Stored data -
::::::::

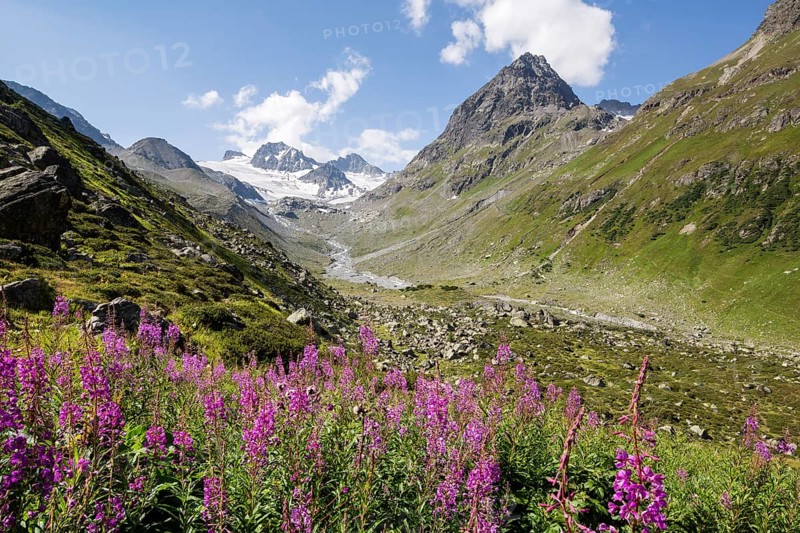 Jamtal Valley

::::::::

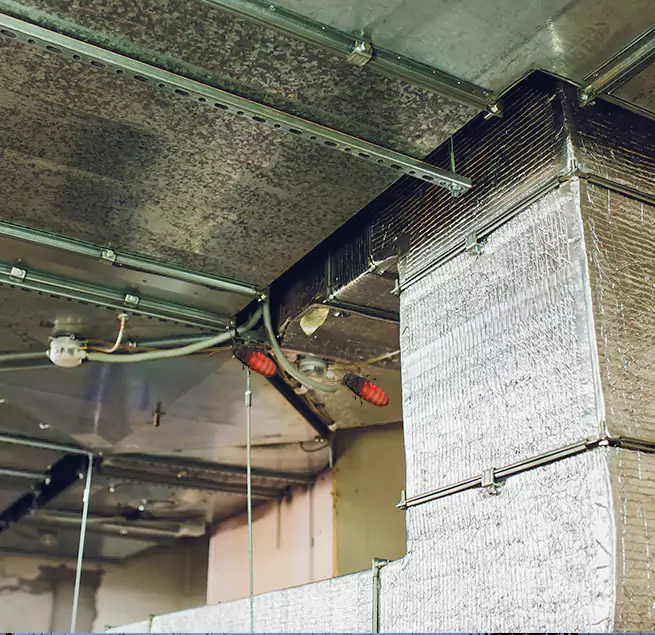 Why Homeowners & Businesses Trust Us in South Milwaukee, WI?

::::::::

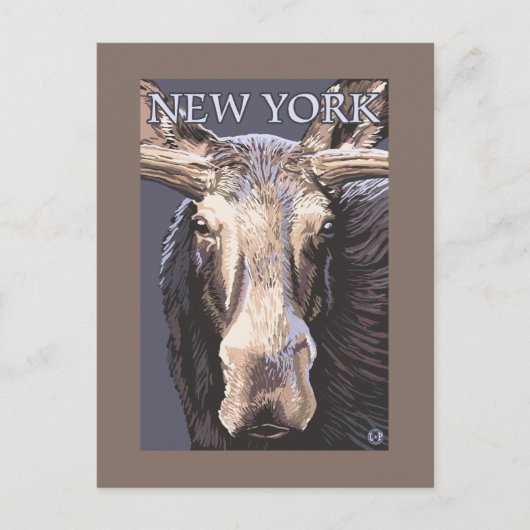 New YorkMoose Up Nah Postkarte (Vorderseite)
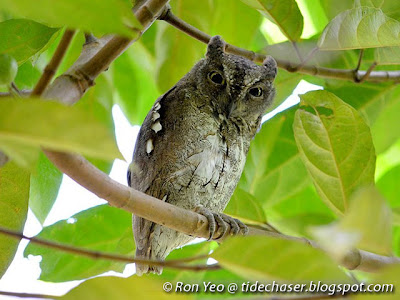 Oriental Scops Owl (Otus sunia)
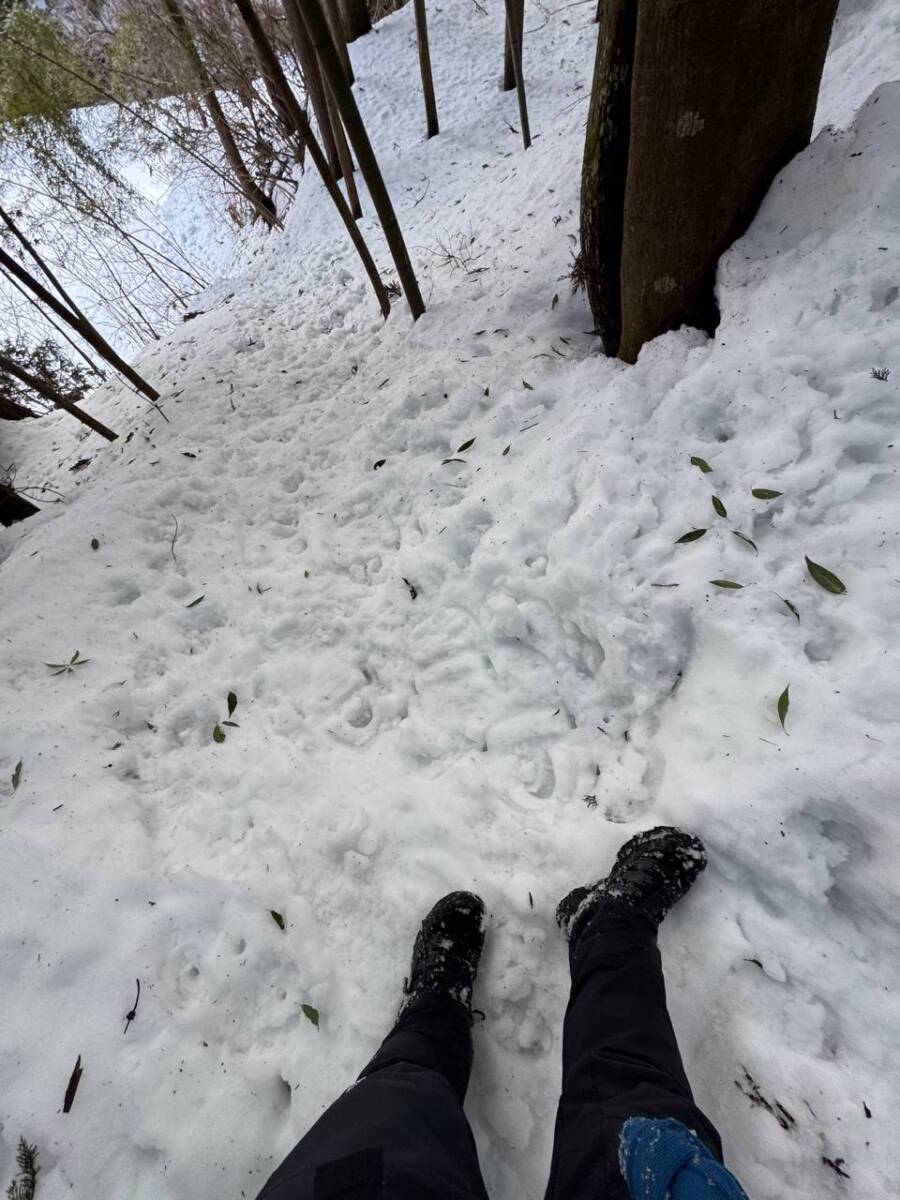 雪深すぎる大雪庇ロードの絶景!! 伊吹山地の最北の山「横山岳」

::::::::

What to do - What you return must match, character for character, the lines above from the one with "New YorkMoose Up Nah Postkarte (Vorderseite)" through the one with "雪深すぎる大雪庇ロードの絶景!! 伊吹山地の最北の山「横山岳」", minus any pictures.

Output of the task -
 New YorkMoose Up Nah Postkarte (Vorderseite)
 Oriental Scops Owl (Otus sunia)
 雪深すぎる大雪庇ロードの絶景!! 伊吹山地の最北の山「横山岳」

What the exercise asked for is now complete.